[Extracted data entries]

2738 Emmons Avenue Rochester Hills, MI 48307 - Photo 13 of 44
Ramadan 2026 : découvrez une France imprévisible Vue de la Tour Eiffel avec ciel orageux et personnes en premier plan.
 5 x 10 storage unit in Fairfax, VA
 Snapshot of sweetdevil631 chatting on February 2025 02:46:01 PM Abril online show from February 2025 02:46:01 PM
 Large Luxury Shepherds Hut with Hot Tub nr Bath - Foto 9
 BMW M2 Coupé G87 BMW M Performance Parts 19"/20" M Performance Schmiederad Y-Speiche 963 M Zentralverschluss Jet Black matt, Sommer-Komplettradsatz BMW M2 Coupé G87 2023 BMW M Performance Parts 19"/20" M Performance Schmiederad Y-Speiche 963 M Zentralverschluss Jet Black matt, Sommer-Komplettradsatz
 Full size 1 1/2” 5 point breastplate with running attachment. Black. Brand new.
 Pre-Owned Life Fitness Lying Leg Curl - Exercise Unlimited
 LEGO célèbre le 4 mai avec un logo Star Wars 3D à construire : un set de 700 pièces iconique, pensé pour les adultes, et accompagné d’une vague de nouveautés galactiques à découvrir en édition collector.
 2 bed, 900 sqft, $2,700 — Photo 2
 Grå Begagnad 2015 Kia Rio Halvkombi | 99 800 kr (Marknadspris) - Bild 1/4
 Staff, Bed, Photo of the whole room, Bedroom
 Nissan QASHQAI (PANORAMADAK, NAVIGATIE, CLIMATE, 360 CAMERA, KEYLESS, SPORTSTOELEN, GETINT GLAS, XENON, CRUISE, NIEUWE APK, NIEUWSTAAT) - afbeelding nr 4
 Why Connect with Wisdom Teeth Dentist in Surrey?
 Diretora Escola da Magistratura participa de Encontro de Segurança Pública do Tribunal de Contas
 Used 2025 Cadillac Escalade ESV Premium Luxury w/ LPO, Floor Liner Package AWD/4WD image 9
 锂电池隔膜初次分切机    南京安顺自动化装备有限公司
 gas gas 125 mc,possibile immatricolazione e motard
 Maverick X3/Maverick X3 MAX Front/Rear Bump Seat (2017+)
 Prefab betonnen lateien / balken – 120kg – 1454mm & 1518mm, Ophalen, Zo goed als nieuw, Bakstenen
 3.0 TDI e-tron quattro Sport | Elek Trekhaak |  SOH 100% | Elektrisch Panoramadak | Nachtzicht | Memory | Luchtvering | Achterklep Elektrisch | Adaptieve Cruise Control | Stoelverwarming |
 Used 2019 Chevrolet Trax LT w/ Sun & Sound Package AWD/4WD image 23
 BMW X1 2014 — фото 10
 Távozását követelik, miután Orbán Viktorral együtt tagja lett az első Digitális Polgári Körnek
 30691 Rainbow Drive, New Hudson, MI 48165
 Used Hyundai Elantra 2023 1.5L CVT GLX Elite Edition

(Required work) Return all of the data word for word.

(Task result)
2738 Emmons Avenue Rochester Hills, MI 48307 - Photo 13 of 44
Ramadan 2026 : découvrez une France imprévisible Vue de la Tour Eiffel avec ciel orageux et personnes en premier plan.
 5 x 10 storage unit in Fairfax, VA
 Snapshot of sweetdevil631 chatting on February 2025 02:46:01 PM Abril online show from February 2025 02:46:01 PM
 Large Luxury Shepherds Hut with Hot Tub nr Bath - Foto 9
 BMW M2 Coupé G87 BMW M Performance Parts 19"/20" M Performance Schmiederad Y-Speiche 963 M Zentralverschluss Jet Black matt, Sommer-Komplettradsatz BMW M2 Coupé G87 2023 BMW M Performance Parts 19"/20" M Performance Schmiederad Y-Speiche 963 M Zentralverschluss Jet Black matt, Sommer-Komplettradsatz
 Full size 1 1/2” 5 point breastplate with running attachment. Black. Brand new.
 Pre-Owned Life Fitness Lying Leg Curl - Exercise Unlimited
 LEGO célèbre le 4 mai avec un logo Star Wars 3D à construire : un set de 700 pièces iconique, pensé pour les adultes, et accompagné d’une vague de nouveautés galactiques à découvrir en édition collector.
 2 bed, 900 sqft, $2,700 — Photo 2
 Grå Begagnad 2015 Kia Rio Halvkombi | 99 800 kr (Marknadspris) - Bild 1/4
 Staff, Bed, Photo of the whole room, Bedroom
 Nissan QASHQAI (PANORAMADAK, NAVIGATIE, CLIMATE, 360 CAMERA, KEYLESS, SPORTSTOELEN, GETINT GLAS, XENON, CRUISE, NIEUWE APK, NIEUWSTAAT) - afbeelding nr 4
 Why Connect with Wisdom Teeth Dentist in Surrey?
 Diretora Escola da Magistratura participa de Encontro de Segurança Pública do Tribunal de Contas
 Used 2025 Cadillac Escalade ESV Premium Luxury w/ LPO, Floor Liner Package AWD/4WD image 9
 锂电池隔膜初次分切机    南京安顺自动化装备有限公司
 gas gas 125 mc,possibile immatricolazione e motard
 Maverick X3/Maverick X3 MAX Front/Rear Bump Seat (2017+)
 Prefab betonnen lateien / balken – 120kg – 1454mm & 1518mm, Ophalen, Zo goed als nieuw, Bakstenen
 3.0 TDI e-tron quattro Sport | Elek Trekhaak |  SOH 100% | Elektrisch Panoramadak | Nachtzicht | Memory | Luchtvering | Achterklep Elektrisch | Adaptieve Cruise Control | Stoelverwarming |
 Used 2019 Chevrolet Trax LT w/ Sun & Sound Package AWD/4WD image 23
 BMW X1 2014 — фото 10
 Távozását követelik, miután Orbán Viktorral együtt tagja lett az első Digitális Polgári Körnek
 30691 Rainbow Drive, New Hudson, MI 48165
 Used Hyundai Elantra 2023 1.5L CVT GLX Elite Edition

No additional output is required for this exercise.